Chloe’s also been showing signs of having her own weird code of ethics—she has no problem sleeping with men of any marital status, but only calls the married ones to freak them out with a make-believe pregnancy or STD. In the pilot, her banging of the fiancé is specifically meant to reveal him as a cheat. And in “Love And Monsters…,” the victims of her annual life-ruining weren’t chosen at random—in Chloe’s mind, the people she picked deserved it for being insufferable.
Even after seeing her childhood home (and her awesome teenage-Goth sneer in the family portrait) and more of the family dynamic we got some of in “Daddy’s Girl…,” it’s still not entirely clear how Chloe ended up with her particular us-against-the-world code of ethics, nor why her seemingly sweet mom is so high on the list of “the world.” (Because, as someone who’s been in a wheelchair a few times, the mom’s present of a cupholder put me on her team forever.

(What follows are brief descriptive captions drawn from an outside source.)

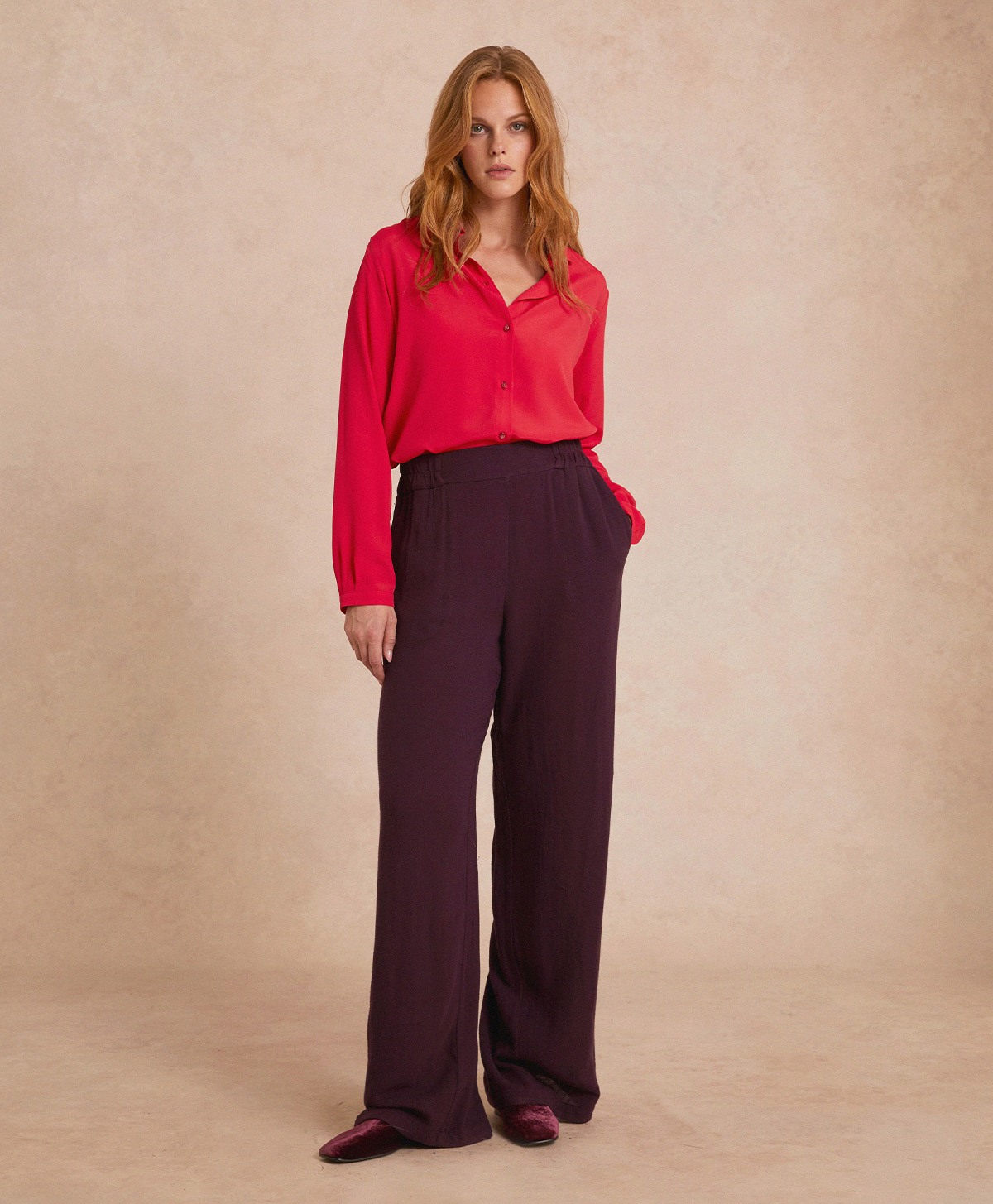 PANTALON BACARRAT EN GAZE DOUBLE LAINE VISCOSE - WINE RED - Momonì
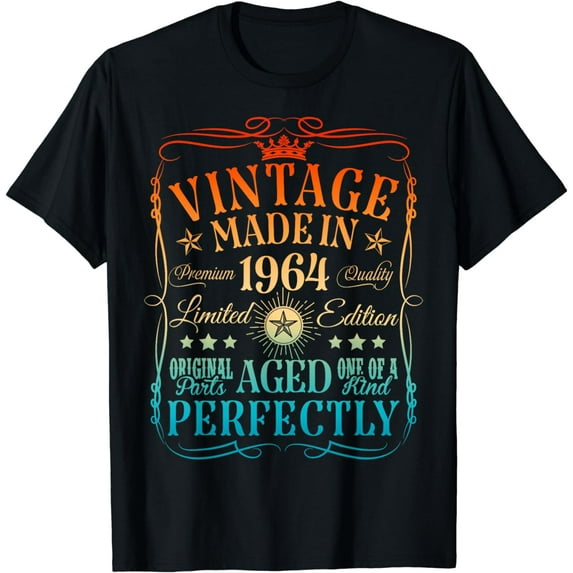Vintage 60th Birthday Decorations Vintage 1964 60 Birthday T-Shirt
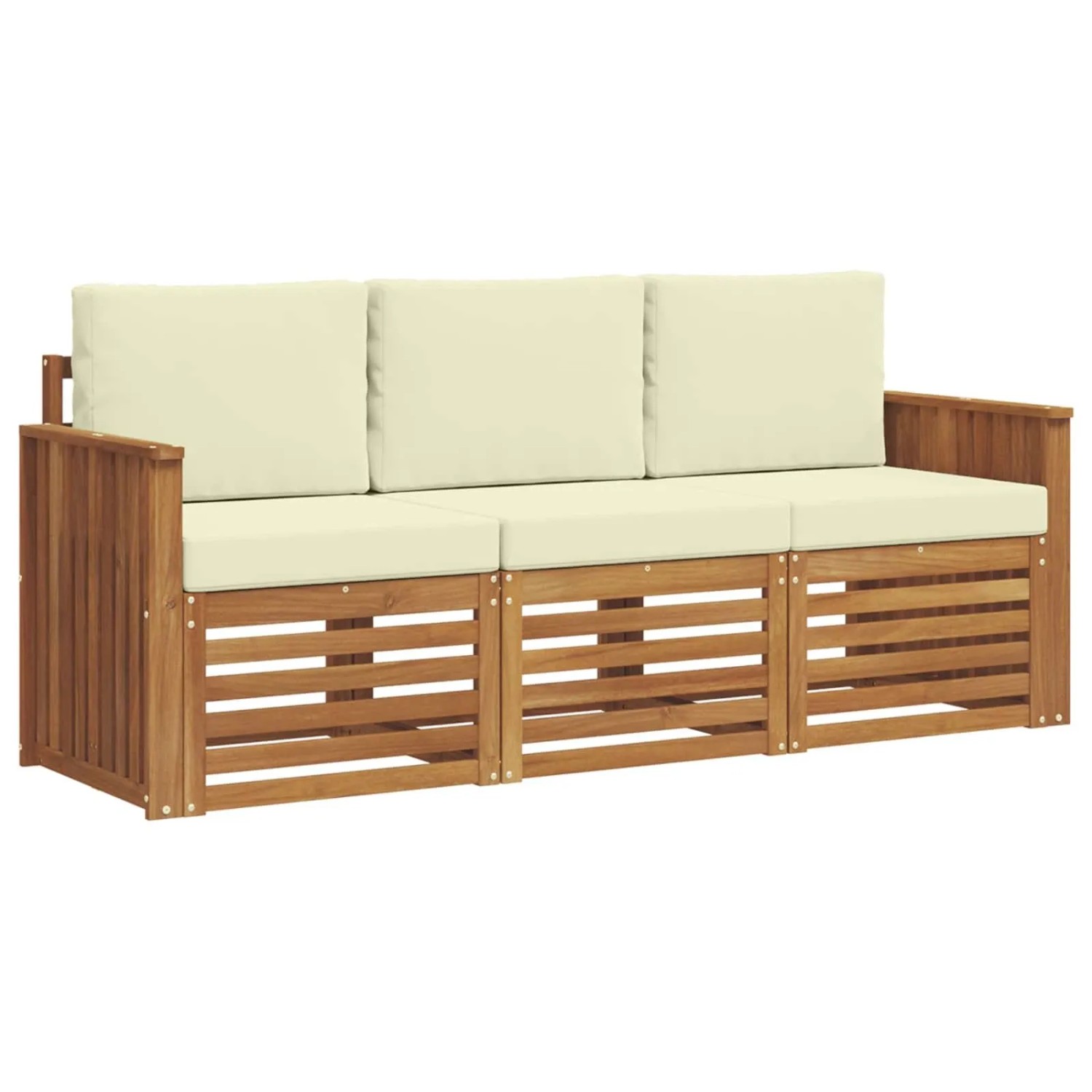 vidaXL Sofagarnituren 3 Tlg Natur und Creme Massivholz Akazie 3374285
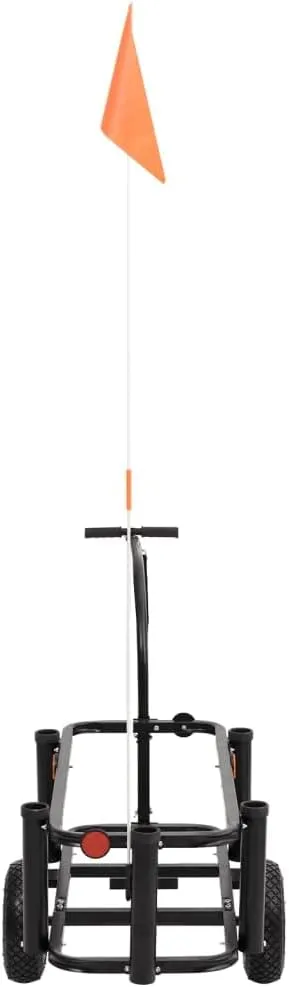 Fishing Trolley Black Steel,HeavyDuty Fishing Trolley with Rod Holders and Pneumatic Wheels Storage Islands and Carts, Without bag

That shit is essential.)
At first, it seems that June’s been conscripted into going to Thanksgiving to act as a sort of ego to Chloe’s id—as she gets out of the taxi, Chloe even says “You can’t hand me a sledgehammer and expect me not to swing it!” Those roles seem to be working all right, as voice-of-reason June successfully points out to Chloe that, minus intentions of ruining Thanksgiving, the Syracuse fan she’d been hitting on is more cheesy poof than man-meat. (“Good catch! That was a close one!”) And as June reaches the top of the stairs on the automated lift (no idea why the mom would have sent her up there, as the wheelchair was still at the bottom of the stairs, but did enjoy June’s glare at the cat watching her ascent), Chloe yells at June for getting drunk on cupholder booze and not fulfilling her Chloe-containment duties.
But, obviously, it wasn’t that simple. This episode got its surprise-twist groove back after the fun but fairly straightforward previous episode—I knew Chloe’s reasons for making June spend the episode in a wheelchair were bullshit, but was pleased that I didn’t guess what they actually were until she started counting off the money at the curb and it was clear that her motivations were… just to do a nice thing for a friend. (“It is nice! I’m really nice! …June, why aren’t you fanning yourself with your money?”)

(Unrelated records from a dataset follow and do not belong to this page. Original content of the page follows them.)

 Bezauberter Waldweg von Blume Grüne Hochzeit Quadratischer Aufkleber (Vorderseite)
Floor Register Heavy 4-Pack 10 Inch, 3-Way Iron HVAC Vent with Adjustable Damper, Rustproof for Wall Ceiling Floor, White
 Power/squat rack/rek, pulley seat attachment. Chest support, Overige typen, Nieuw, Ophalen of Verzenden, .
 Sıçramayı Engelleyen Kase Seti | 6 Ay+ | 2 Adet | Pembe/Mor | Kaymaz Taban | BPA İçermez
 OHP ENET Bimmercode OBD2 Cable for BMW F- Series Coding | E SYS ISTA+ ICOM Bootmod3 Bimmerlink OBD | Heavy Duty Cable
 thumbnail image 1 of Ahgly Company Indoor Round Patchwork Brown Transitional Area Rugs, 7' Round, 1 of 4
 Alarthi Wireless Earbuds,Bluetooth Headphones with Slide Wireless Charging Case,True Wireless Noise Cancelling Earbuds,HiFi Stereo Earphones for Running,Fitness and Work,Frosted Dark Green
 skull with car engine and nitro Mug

Then, though June would probably not have signed up for this crew voluntarily, she proves that she’s a worthy shipmate by putting on an excellent half of a furious faux-fight while actually talking about pies. And in the tag, it’s somehow even sweeter that Chloe’s deferred to June’s preference for apple pie.
Stray observations:
- “We should talk to each other like this all the time, because this is really fun!” I agree.

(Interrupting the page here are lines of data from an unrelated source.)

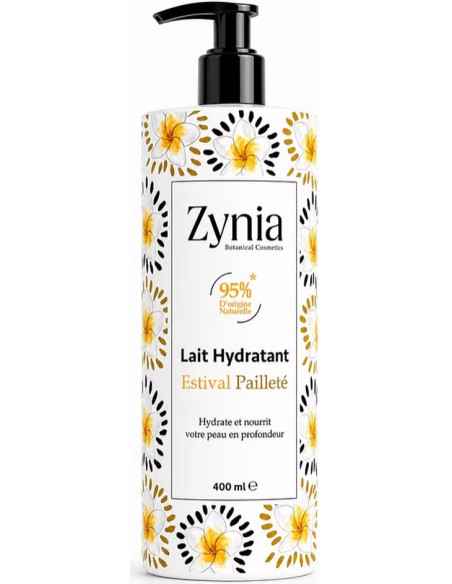 Lait Hydratant Estival Pailleté Zynia 400ml – beurre de karité amande douce paillettes hâle doré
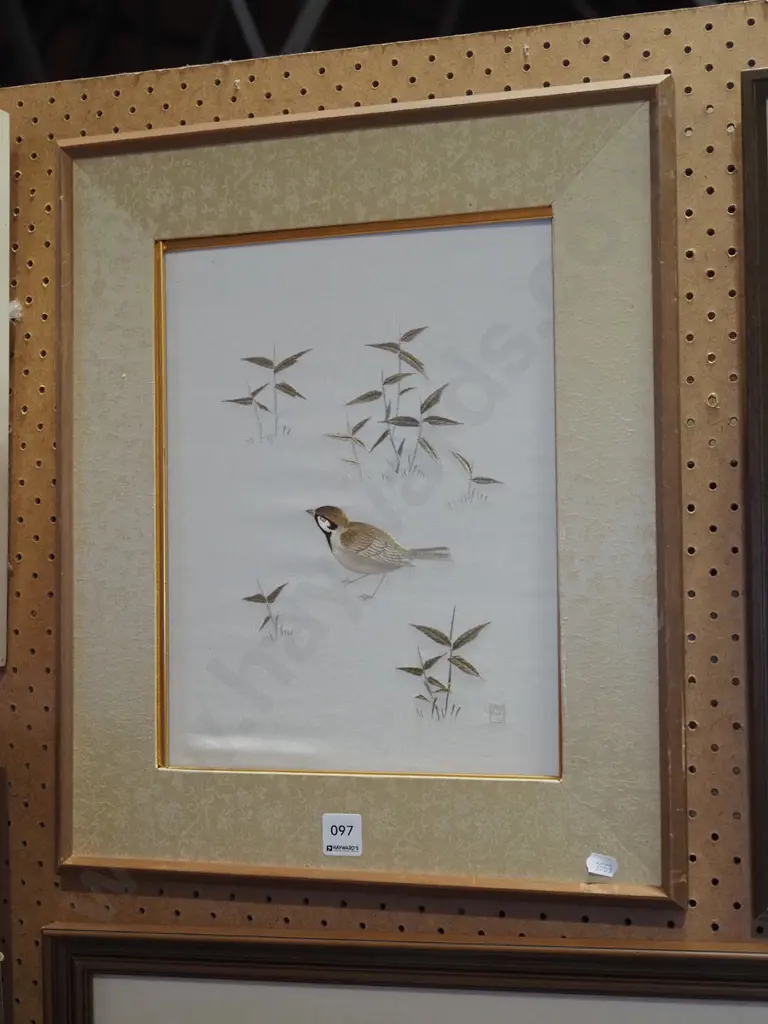 framed Asian needlework - bird, no glass Image 1++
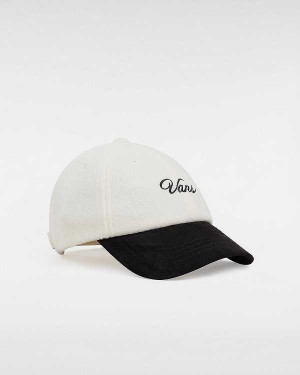 Unisex Vans Script Curved Bill Jockey Hats White Malaysia | VN6754839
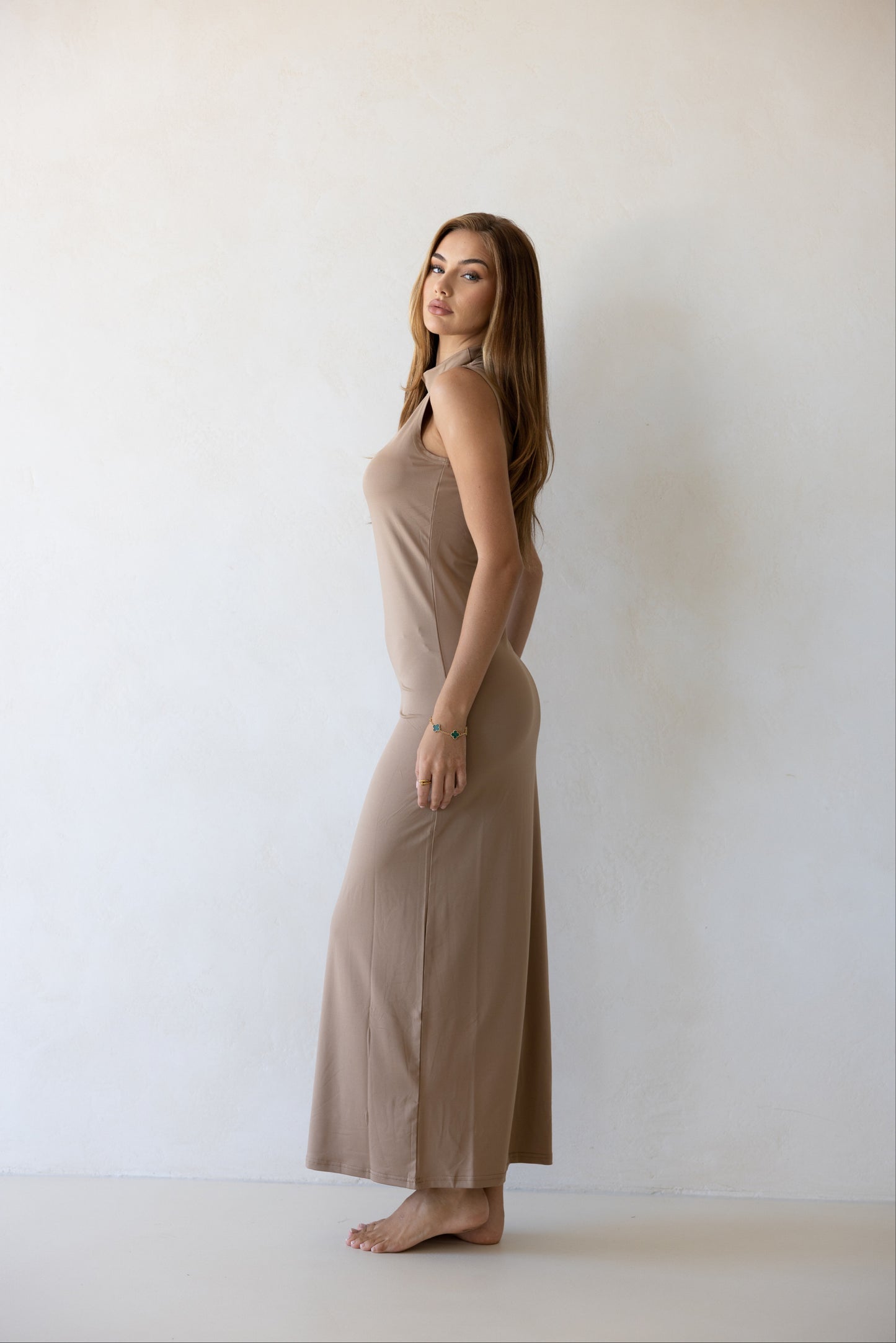 Luxe Sleeveless Slip Dress Latte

- Another People reference in the JVDB soup-kitchen subplot—guess they have a running deal or something. Didn’t find that one particularly interesting, but it did have a couple funny moments: the tastefully mussed blonde “homeless” family JVDB serves soup to and the jump-cut from JVDB claiming that he and Luther “Forgot… our… hats…” after pulling a ladle-and-leave to a shot of them both wearing ridiculous hats back at the kitchen.
- “I like your sock.”
- Black Friday for Chloe = having sex with black men.
- Though the tampon holder was, uh, less true to my wheelchair experience, the lock was still thoughtful.
- “I’m Sacajawea! I’m on a coin! I’m money, bitch!”
- At least that one elderly lady bought “It’s a miracle!”